Because most modern hoists are capable of lifting more than their rated load, we highly recommend using an overload detection device. Although generally not required by OSHA (but mandatory in Europe’s EN1808), an overload device prohibits the hoist from lifting more than its rated load, so this will avoid serious hazards. In practice, the overload device will ensure the stall load is equal to the rated load of the hoist. Therefore, in these situations the surface (often a roof) should be capable of supporting at least 4 times the load imposed on them by the scaffold operating at the rated load of the hoist.
Rigging for rated load of a hoist
When rigging for the rated load of a hoist, workers may still be faced with some challenges. Although the load a surface is exposed to is largely determined by the working load limit of the hoist, there are other important variables that influence it.
In case of outrigger beams, the surface also has to counterweights and the weight of the outrigger itself. The load of counterweights will also vary, depending on the configuration of the inner beam length and the outreach.
When the variables are known and are taken into account, the next question arises: what exactly is “surface”? OSHA does not provide a clear definition of this term. The earlier mentioned outrigger beam may easily cover a surface of 6’ by 16’. However, this rigging equipment will most likely be resting on either foot plates or castor wheels. This results in a point load on the plates or wheels, which have a much smaller surface to divide the load.
In this situation the suspended scaffold (load force) is hanging at the front, the counterweights (effort force) are at the back and the fulcrum is in between. This is called a first class lever.
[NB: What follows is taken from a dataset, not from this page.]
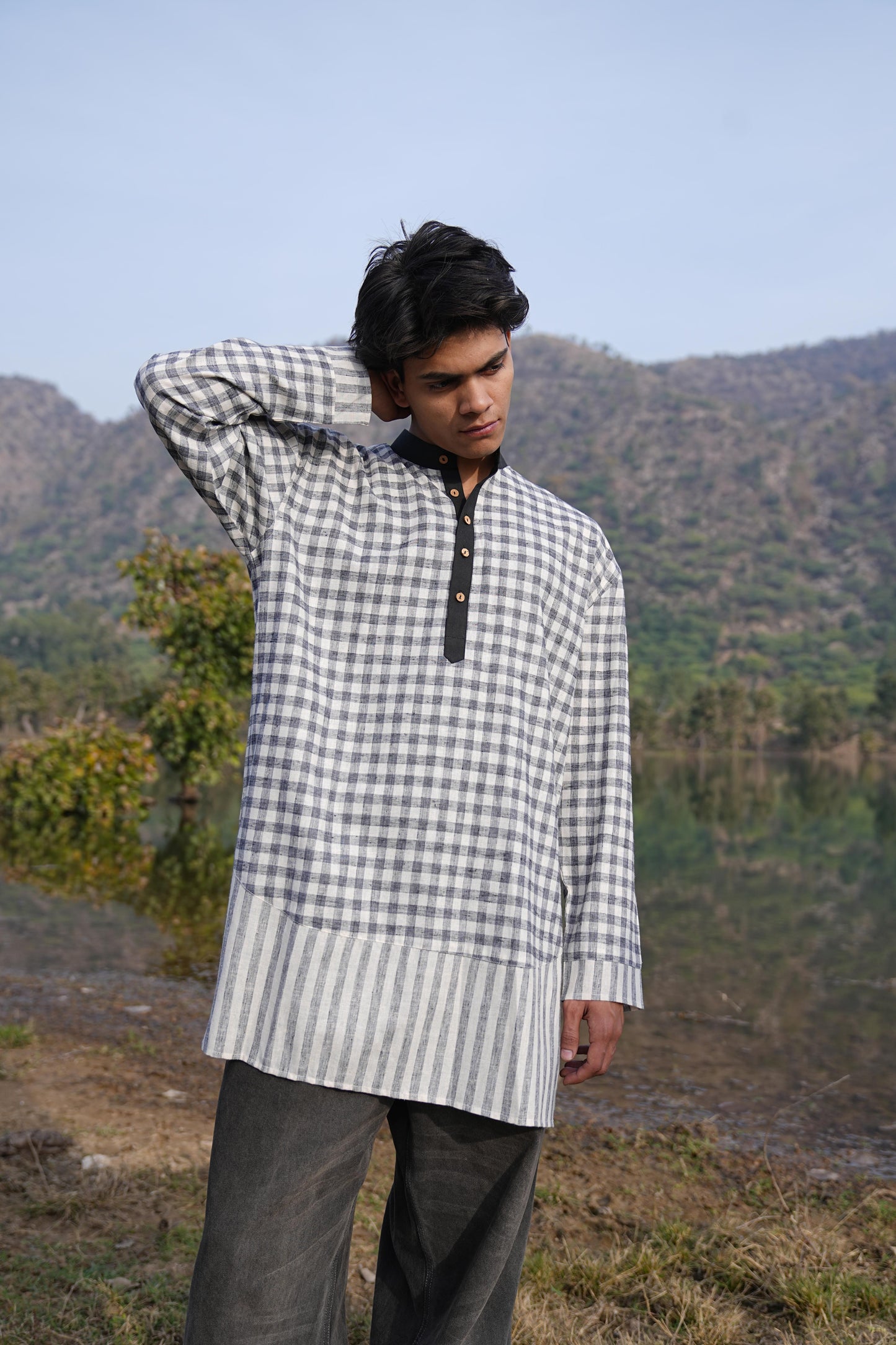 Sutra Mandarin Collar Check Kurta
In these peak load will rest entirely on the fulcrum, which is the front two plates/wheels.
The fulcrum load is calculated using the following formula: F1 = F2 * (L1+L2)/L2
In this example, the rates load of the hoist is 1,100 lbs. (F1). This results in a fulcrum load (F2) of 1,390 lbs. The surface under the wheels or plates should be able to withstand 2780 lbs. (1,390 times 4, divided over 2 supports). That is a very high force to withstand.
To resolve this issue, we highly recommend to always use base plates to rest the supports on. These plates will help distribute the point load more evenly over a larger surface, requiring less capacity per square inch of the surface.
Before the suspended scaffold is used, OSHA requires that “direct connections shall be evaluated by a competent person who shall confirm, based on the evaluation, that the supporting surfaces are capable of supporting the loads to be imposed.” (1926.451(d)(3)(i))
Resulting in the need of a competent person always having to calculate all variables. And this every day and every time the scaffold is moved or its configuration altered.
The challenge of evaluating the safety of the system doesn’t stop there. The same competent person will have to determine and/or verify if the surface has enough load capacity stated by OSHA. But where can this information be found? The solution given, is to ask building management which may be familiar with the roof’s rated load and may have experience with such matters. Otherwise, an engineer may have to be consulted. But is the information they have access to (still) correct? Although this information is essential for working safely, they are not responsible for the work that has to be done. The competent person is. This is a lot of responsibility resting on the shoulders of said person, given not many information is at hand.
These “questions”, variables and doubtful requirements really make you wonder: how much does this standard really contribute to workers’ safety? Now, 20 years later, perhaps it is time for a standard which is clearer and easier to adopt to a specific situation, making construction work at height safer.